Inteligencia emocional en los colegios

Hace unos meses Juan Lizárraga, director de ManpowerGroup Perú, comentaba en Gestión que en los últimos años las empresas tienden a valorar tanto o más el desarrollo de habilidades blandas en sus reclutamientos que los conocimientos o la experiencia. Aunque, la importancia del desarrollo de las llamadas habilidades blandas en el trabajo (como el trabajo en equipo, el liderazgo, la resiliencia, la comunicación o la motivación) no es nuevo en el mundo de la administración y la empresa, si lo es en la Educación.

Actualmente, el desarrollo de habilidades blandas en el colegio o incluso en la Universidad no tiene prácticamente ninguna importancia. Las instituciones educativas en el país tienden a concentrase en la enseñanza analítica, el conocimiento matemático y las capacidades lingüísticas y esto se debe, entre otras cosas, a lo relativamente fácil que resulta medir, en estos términos, el rendimiento escolar. Piénsese, por ejemplo en PISA que se concentran básicamente en pruebas de razonamiento verbal y matemático. Y la autoestima o el civismo, ¿cómo lo medimos?

Que no se me malinterprete.

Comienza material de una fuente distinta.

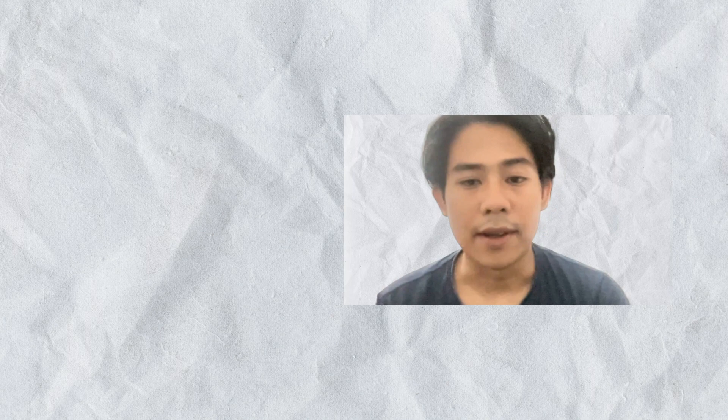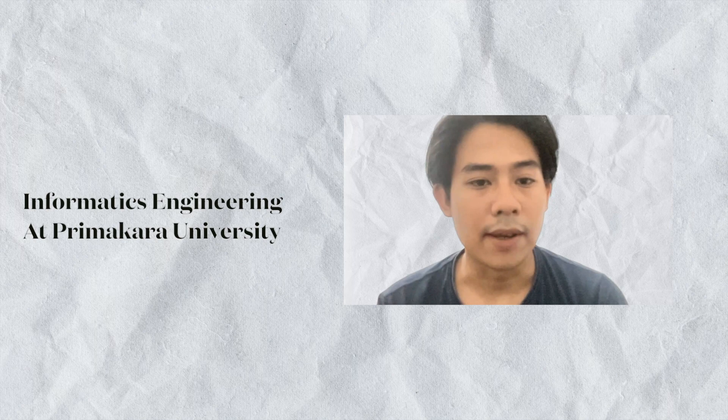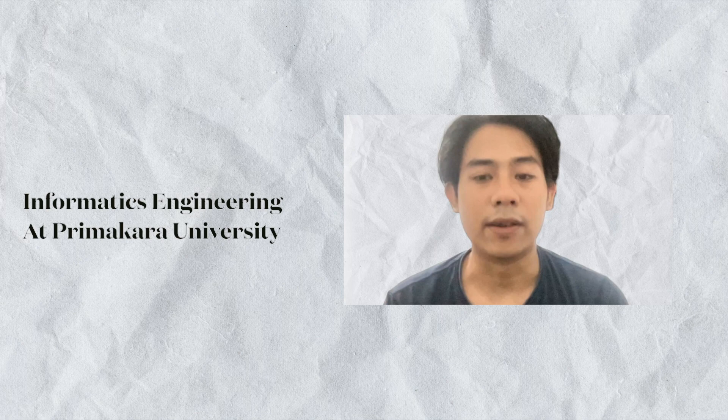I pursued my education at Primakara University where I study Informatic Engineering. It was an enriching experience that equipped me with a solid foundation in this field.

No estoy en contra de que se eduquen nuestros niños y jóvenes en matemáticas o historia. Sino que el no prestar atención al desarrollo de las habilidades blandas, en la inteligencia emocional nos está trayendo malos resultados, no solo a niveles socioemocionales como el incremento de la delincuencia juvenil, embarazos adolescentes, alcoholismo y drogadicción sino también en los resultados académicos.

Las investigaciones sobre estos asuntos aunque incipientes ya nos están dando luces sobre el complejo tema en cuestión. James Heckman, premio nobel de economía 2000, ha estudiado el asunto y sus investigaciones nos dicen que el desarrollo de la autoestima, el autocontrol, la perseverancia y la sociabilidad en la infancia tiene efectos en el largo plazo, sobre su vida adulta, mejorando la personalidad y sociabilidad; logrando la mejor adaptación en el mundo laboral, incrementando sustancialmente la productividad, además de mostrar un importante desarrollo de las capacidades cognitivas alcanzando un mayor rendimiento académico en las aulas escolares y universitarias. Mientras más se retrase el desarrollo de la inteligencia emocional en el crecimiento de los niños, más difícil se tornará lograr estos efectos positivos en sus vidas.